Labor has been very disappointed at the Treasurer’s insistence that the fund not be given better tax treatment, notwithstanding the fact that the company has already been given favourable tax treatment. We foreshadowed our determination to further that case by moving amendments to this bill that would have extended, if you like, charitable status to the fund, which would have given the fund the tax status it requires to be sustainable and therefore deliver adequate compensation to victims and their families.

The opposition has now decided not to move those amendments. It has decided not to move those amendments for all the right reasons. My advice is that hopefully the tax office and James Hardie are inching very close to a resolution of the stand-off, and that would be very good news for us all, in particular for the victims and their families. The opposition has no desire to unnecessarily make a political case of this. We will hold our fire on any such amendments to the tax law and will collectively hope and pray that the agreement between the tax office and James Hardie can be reached to ensure that those compensation payments are forthcoming. Of course, if the negotiations fall over, then the opposition will be back in here very quickly at the first opportunity and will move the amendments that are required to provide appropriate tax status for the fund to ensure that those people receive the money that is due to them. So, in the spirit of cooperation, I will not move those amendments this evening.

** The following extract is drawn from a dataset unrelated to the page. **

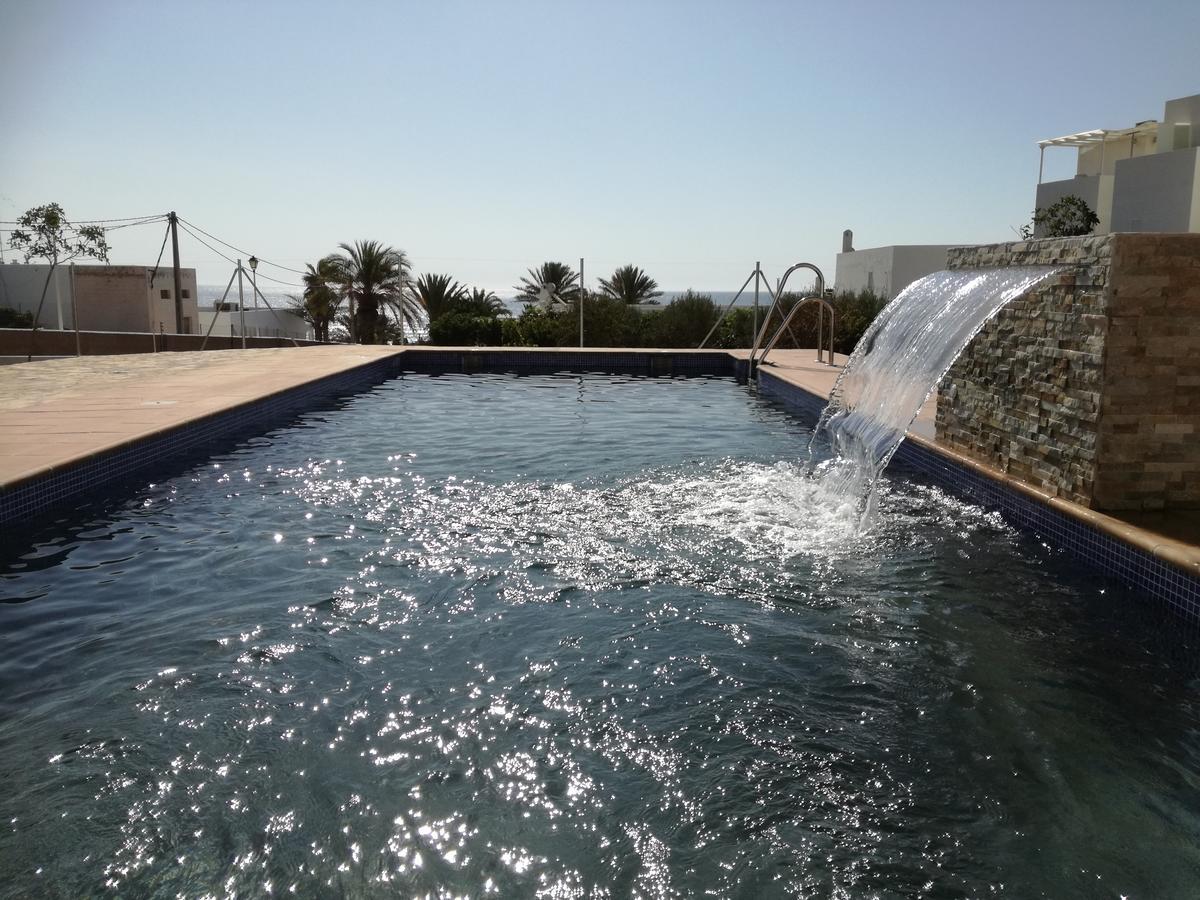 Mda Playa Del Cantal Aparthotel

I trust that the tax office will now use all the resources available to it and interpret the tax laws in an appropriate fashion to ensure that it does all it can to reach an adequate agreement with the James Hardie company or the managers of the fund. Again, if, for whatever reason—whether it is the fault of the tax office or any party to the discussions—that final agreement is not able to be reached, we will be back in here very quickly seeking to move the amendments that are required to ensure, in law, that the fund receives the tax treatment that is necessary to make it sustainable.

The opposition like to think that the pressure we put on throughout the course of this campaign is causing the tax office to inch closer to an agreement within the confines of the law with which it is operating, but we acknowledge and recognise that it can only operate with the laws that the parliament has made available to it and that it must do so fiercely independently of the government or any other political pressures. I wish the tax office well in those endeavours. If it is not able to do the job under current law, the opposition will be back in here changing the law to provide it with the opportunity to do so.